Pictures are to be left out; every line from the one with "Makeup Mirrors: Embellir" through the end of the data must be transcribed exactly.

→ **Data block**:

════

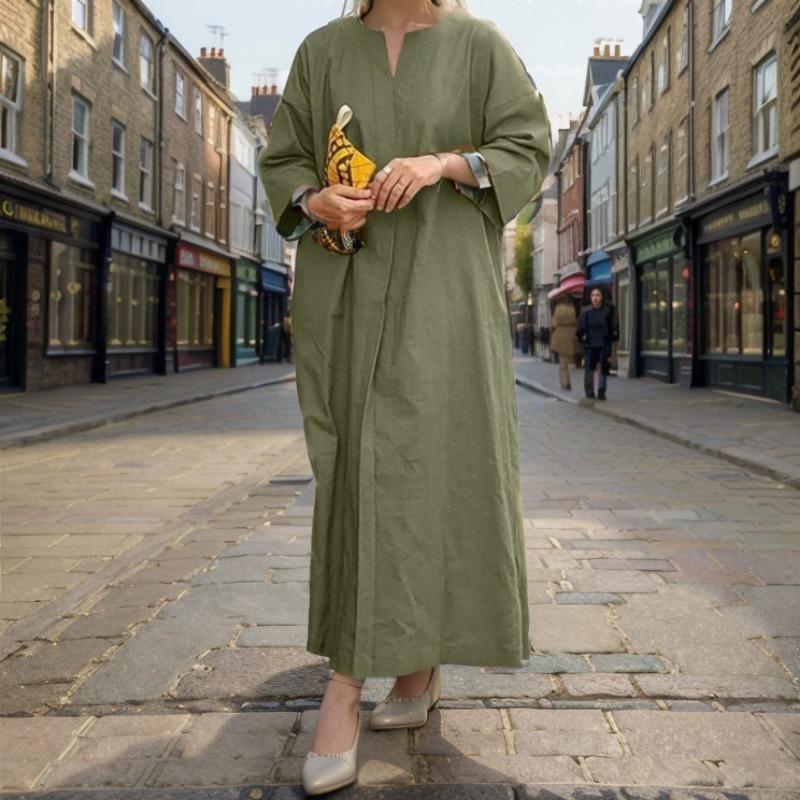 Vestido Casual Solto Plus Size de Cor Sólida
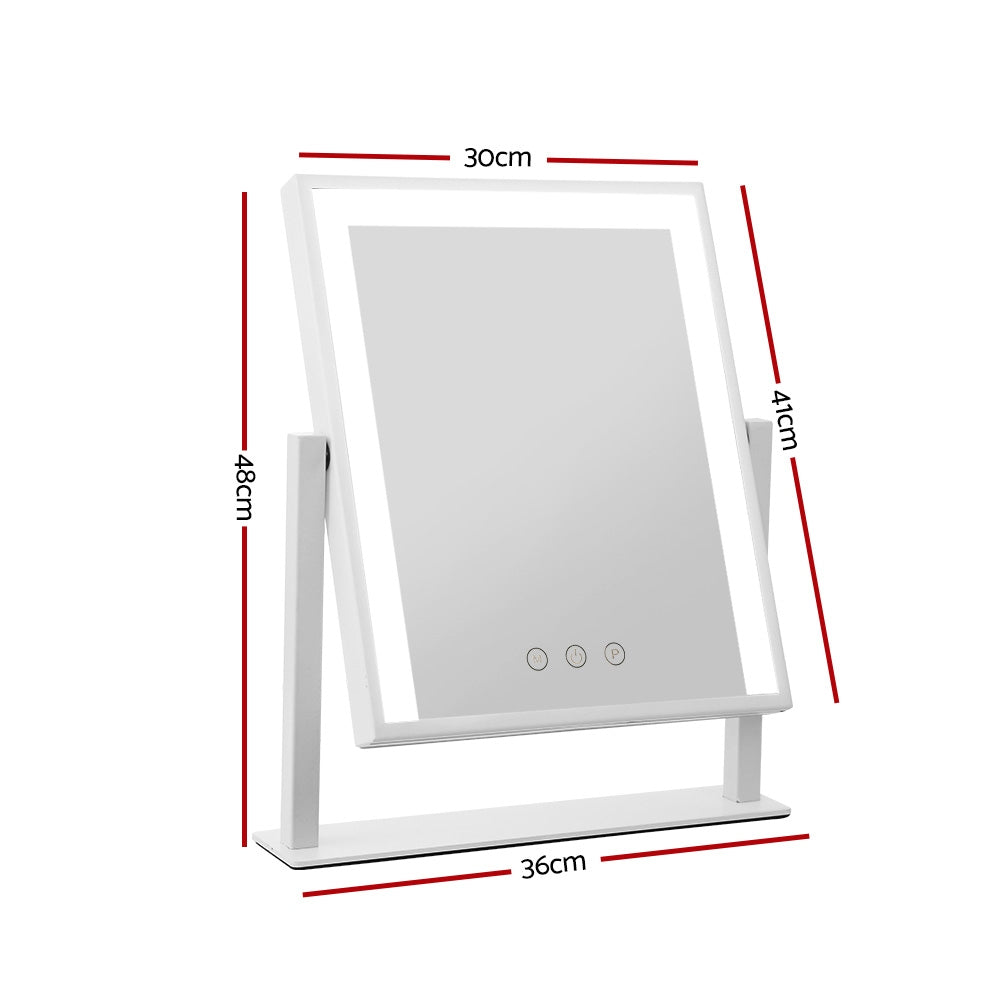 Makeup Mirrors: Embellir Makeup Mirror 30x40cm Hollywood Vanity with LED Light Rotation White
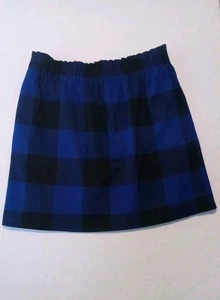 J.Crew Wollmischung A-Linie Mini Pull-On gefütterter Rock Büffel blau kariert Gr. 8 Taschen - Bild 1 von 7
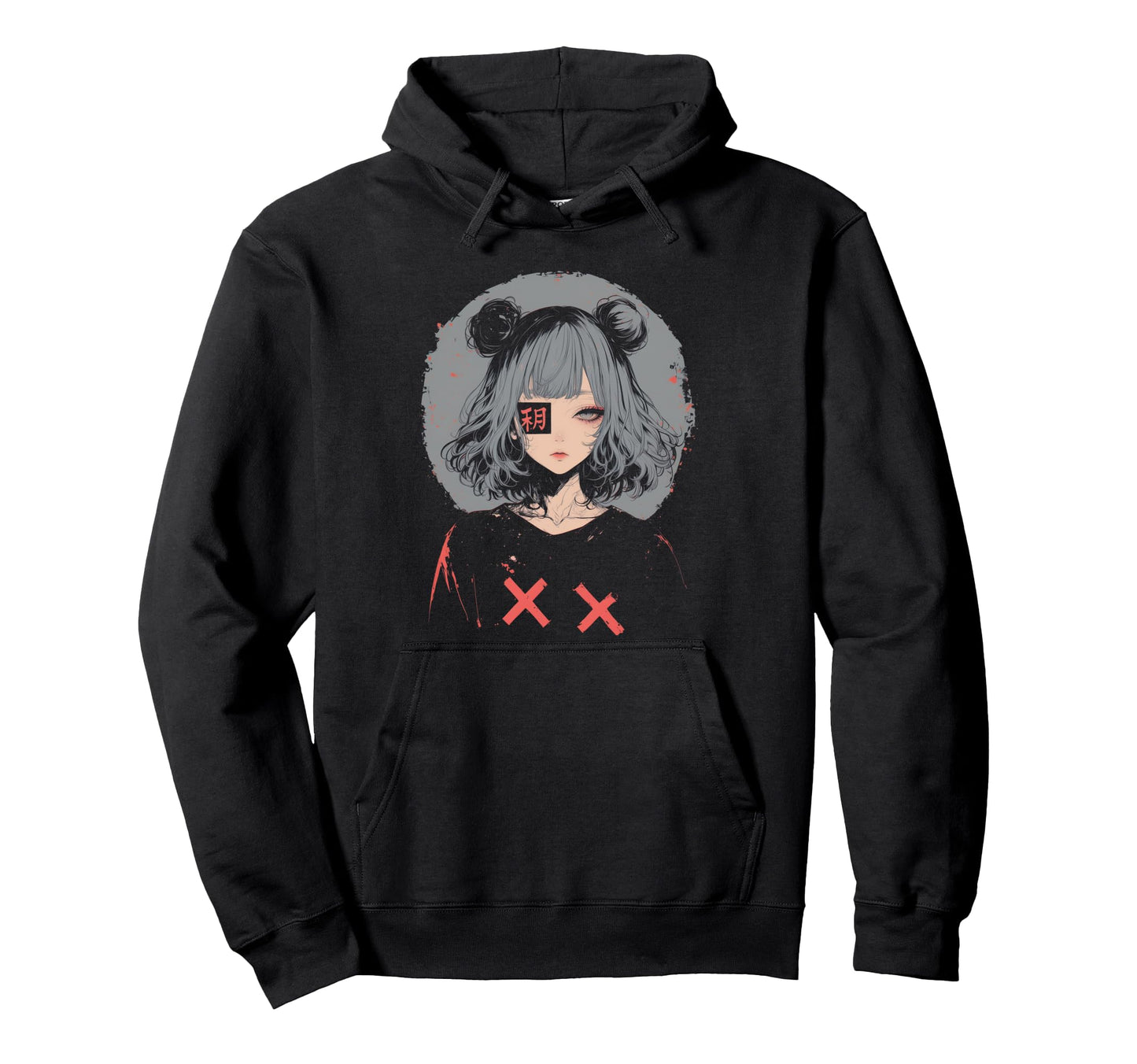 Goth Grunge Demon Anime Waifu Hoodie - Casual Everyday Wear Men Women - T-Shirt, Sweatshirt, Hoodie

════

→ **Exercise answer**:
 Makeup Mirrors: Embellir Makeup Mirror 30x40cm Hollywood Vanity with LED Light Rotation White
 J.Crew Wollmischung A-Linie Mini Pull-On gefütterter Rock Büffel blau kariert Gr. 8 Taschen - Bild 1 von 7
 Goth Grunge Demon Anime Waifu Hoodie - Casual Everyday Wear Men Women - T-Shirt, Sweatshirt, Hoodie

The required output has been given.